Presentation Abstract

Abstract Number: 3674
Presentation Title: Next generation cancer gene sequencing for clinically actionable mutations
Presentation Time: Tuesday, Apr 03, 2012, 8:00 AM -12:00 PM
Location: McCormick Place West (Hall F), Poster Section 25
Poster Section: 25
Poster Board Number: 16
Author Block: Yu-Ye Wen1, Ganka Douglas1, Xiafeng Hu1, Michele Millham2, Francisco Cifuentes2, Garrick Peters2, Condie Edwin Carmack1, Marilyn Li1. 1Cancer Genetics Laboratory, Houston, TX; 2Ion Torrent, South San Francisco, CA
Abstract Body: Cancer gene mutations are important diagnostic, prognostic, and predictive biologic markers. Mutation detection in cancer tissues has been a real challenge for researchers as a cancer is often associated with multiple mutations and new mutations may occur as the disease progresses and during treatments. Essentially, all cancer tissues are a mosaic mixture of normal and abnormal cell clones.
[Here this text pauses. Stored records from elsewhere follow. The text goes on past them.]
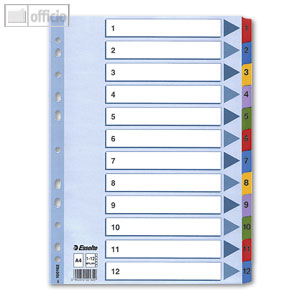 Mylar Karton Zahlen-Register 1 - 12
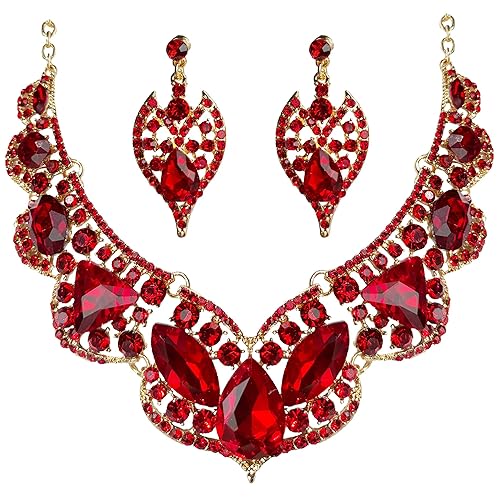 Crystal Flower Bib Statement Necklace Set Chunky Diamond Flower Statement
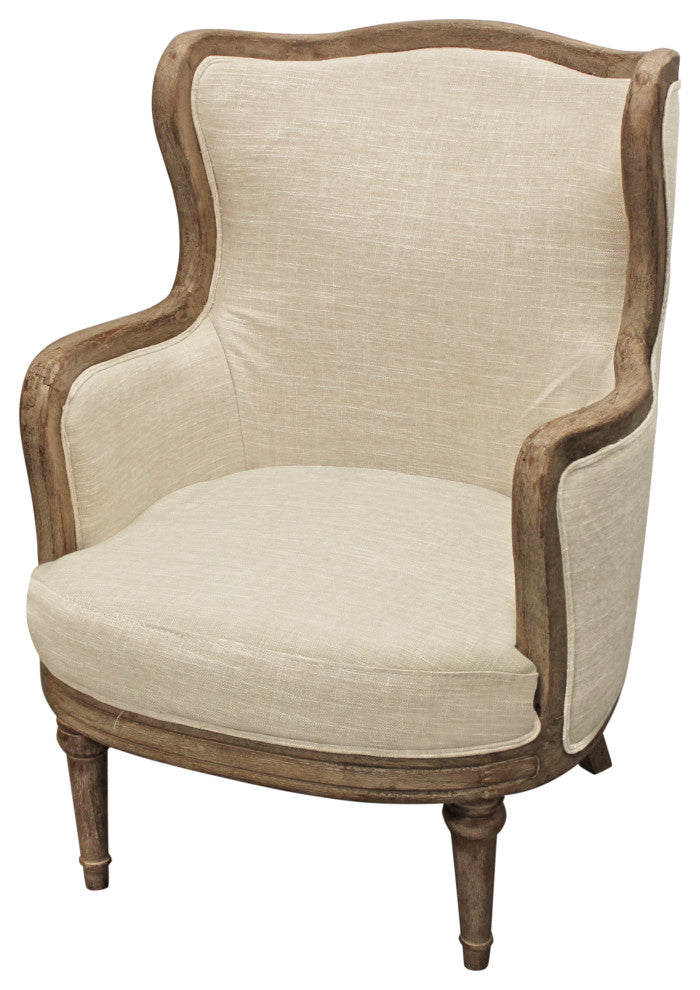 Dan Lounge Arm Chair with Exposed Wood Trim and Frame in Natural Linen Fabric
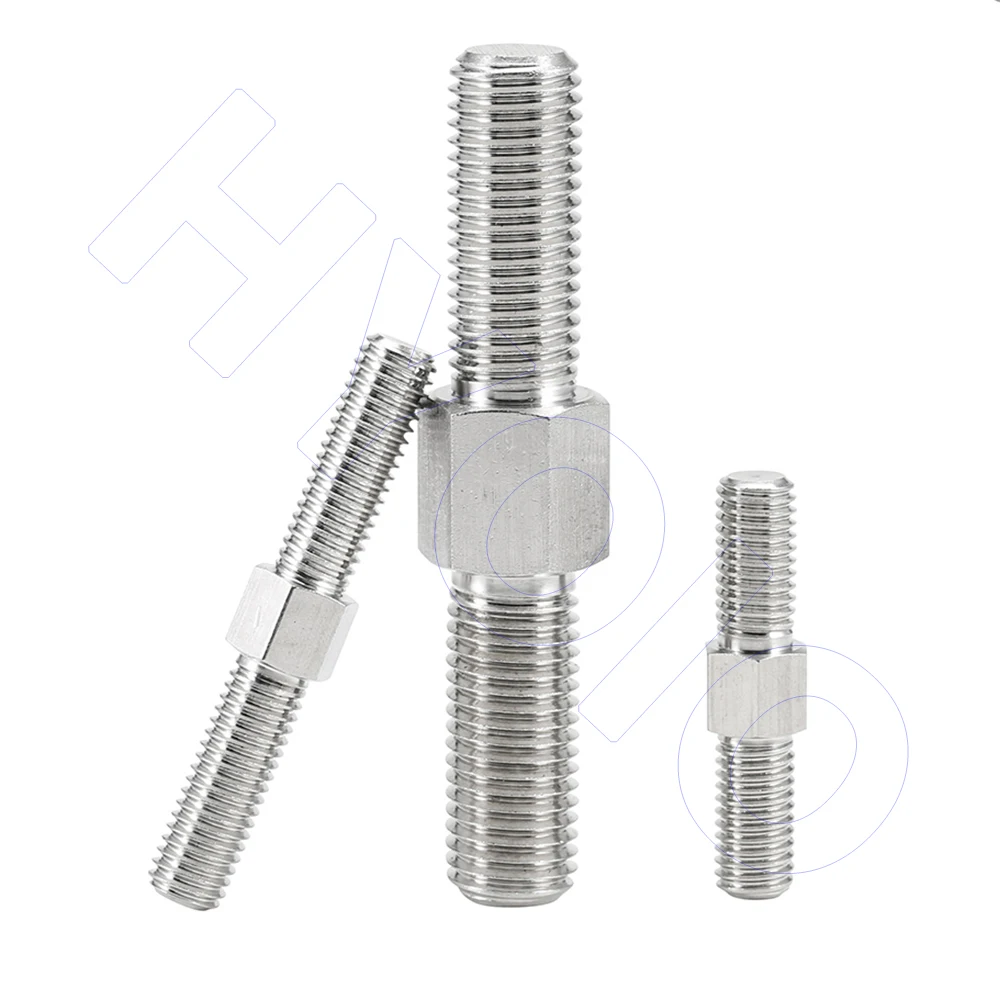 304 Stainless Steel Hex Head Double End Studs Rods Right Left Hand Thread Screws Dual Head Bolts M3 - M16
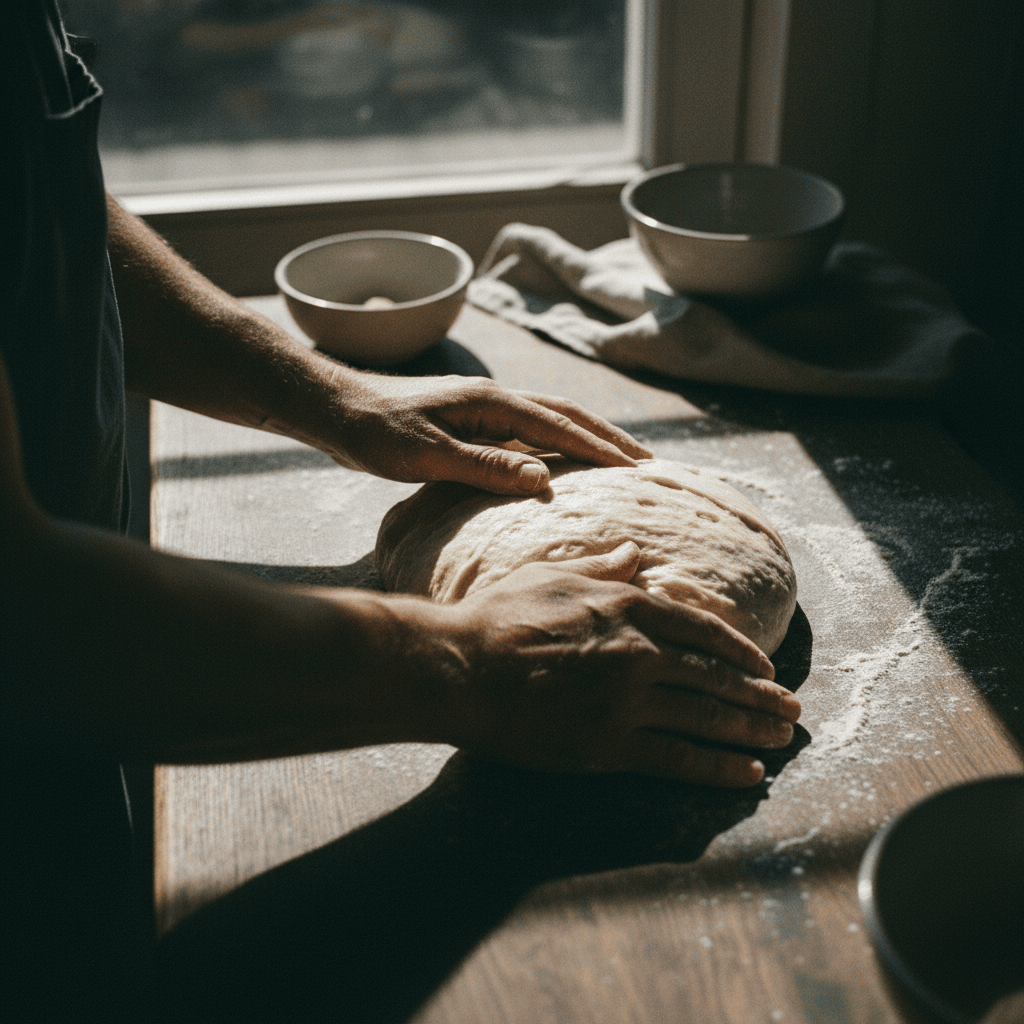 Baker's hands gently shaping a round of sourdough dough on a floured surface.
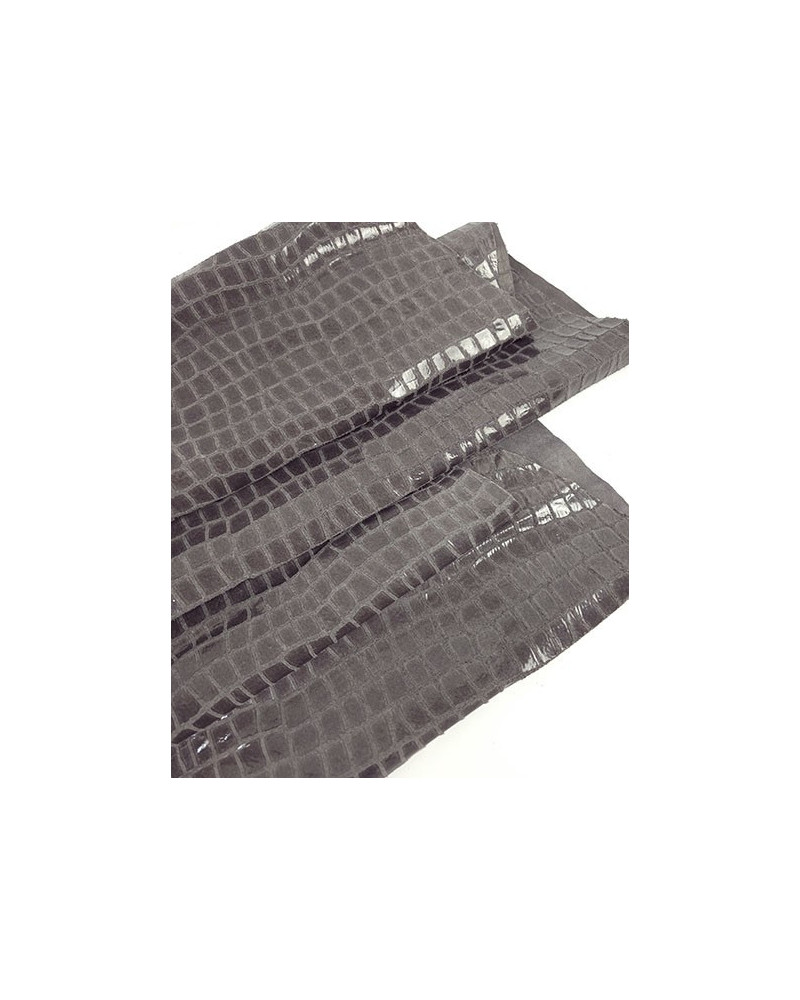 Charcoal Gray Croco Patent Soft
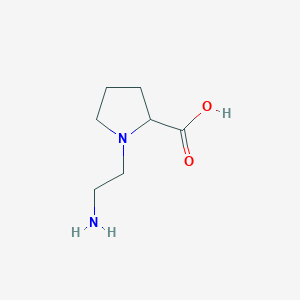 molecular formula C7H14N2O2 B8765817 Proline, 1-(2-aminoethyl)-(9CI) 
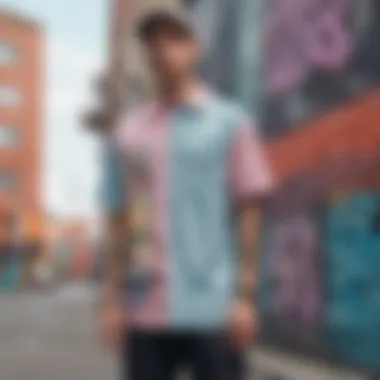 A stylish color block pastel shirt hung against a graffiti backdrop.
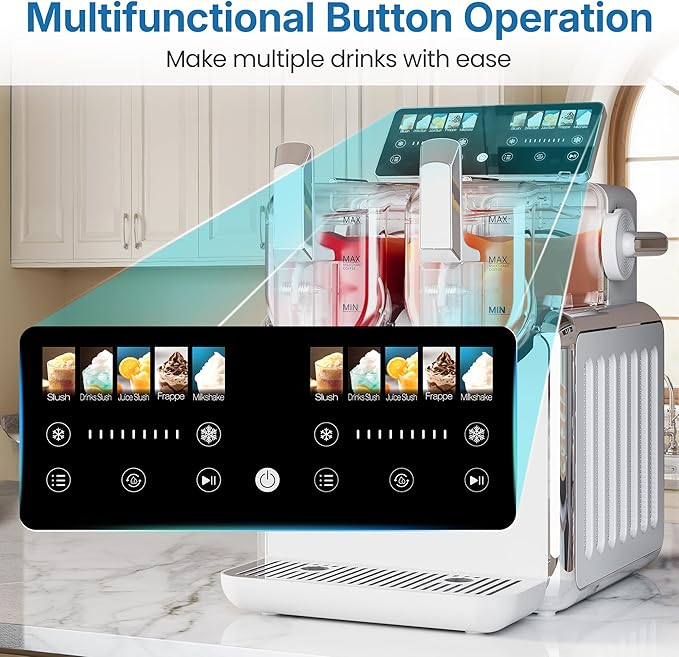 Dual-Tank Frozen Drink & Slushie Machine: 169oz Capacity Slush Maker with Rapid Chill Technology, 5 Beverage Modes, Self-Cleaning Function, ETL Certified, White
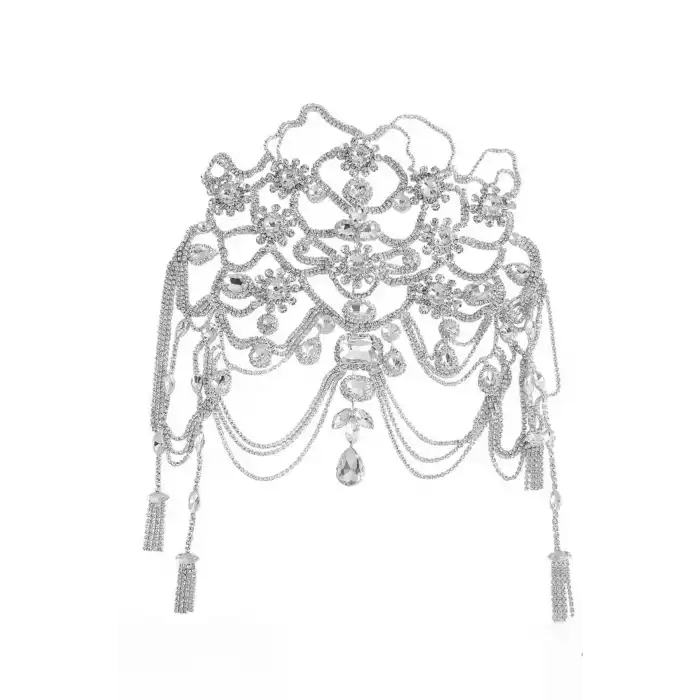 Gümüş Renk Taş Detaylı Saç Aksesuarı/ Kına Aksesuarı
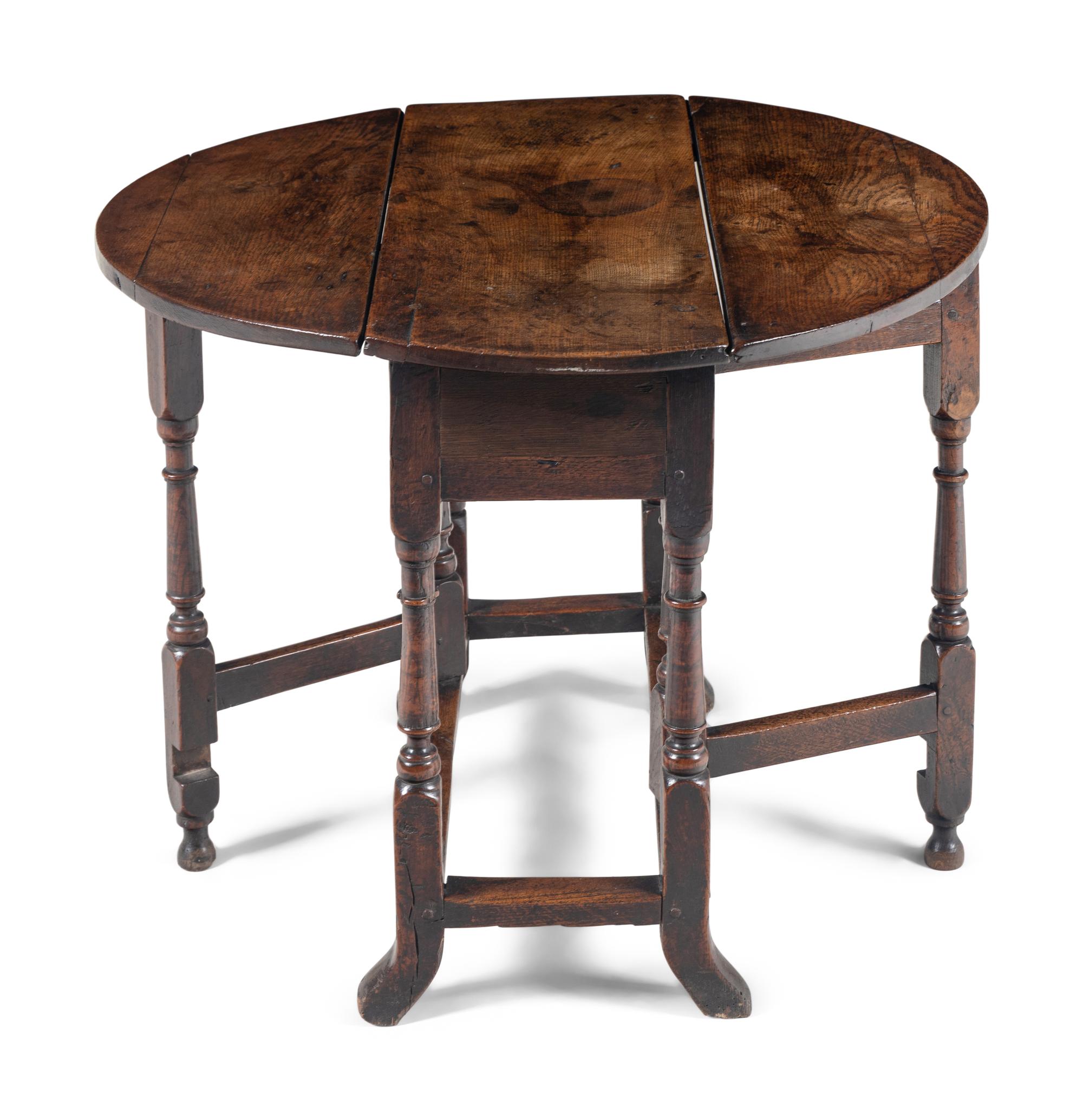 A William and Mary Oak Drop-Leaf Table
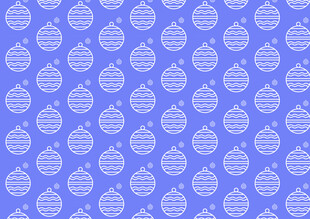 蓝色圣诞球图案背景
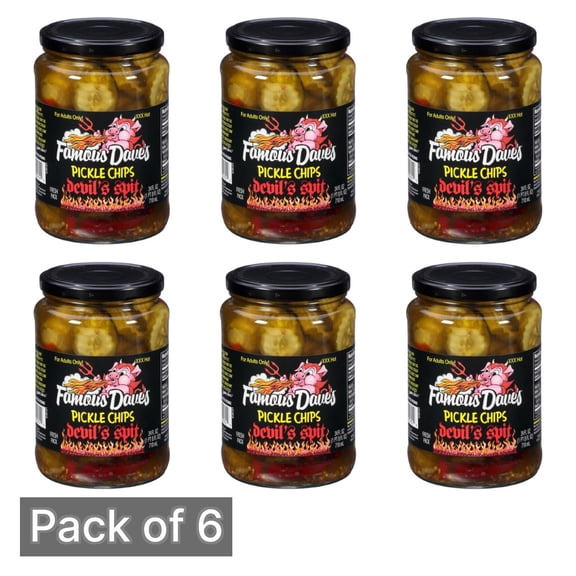 Famous Dave's Devil's Spit Pickle Chips - Pack of 6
Therefore, a new technology that can target many mutations simultaneously with high sensitivity is exceedingly desirable. Targeted next generation sequencing permits deep sequencing of hundreds of mutations concurrently. We have used a novel next generation sequencing technology that merges multiplex PCR with ion semiconductor sequencing (AmpliSeq, Life Technology) to sequence a panel of clinically actionable cancer gene mutations on 12 tumor samples including 6 archived FFPE samples, 2 bone marrow samples, and 4 cell lines with known mutations, and a normal blood sample as a control. Each sample was run three times to assay for inter-run variability. The panel contains 739 mutations including clinically actionable mutations such as EGFR mutations in exons 18-21, BRAF V600E, KRAS mutations at codons 12, 13, and 61, and many more. Using this technology we successfully identified all known mutations previously detected using Pyposequencing or Sanger sequencing technologies. The most common somatic mutations were also confirmed by Competitive Allele-Specific TaqMan® PCR (castPCR, Life Technology). To determine the sensitivity of the test, we studied mutation positive FFPE samples with serial dilutions. Our results showed that the test can detect mutations at frequencies as low as 5% with 99% confidence. Analysis of mutation calls in different runs showed little inter-run variation. Other benefits of this novel technology are its fast turn around time, which can be as short as two days, and its low cost. Our experience demonstrates that this technology holds great potential clinical utility including diagnostic and therapeutic applications.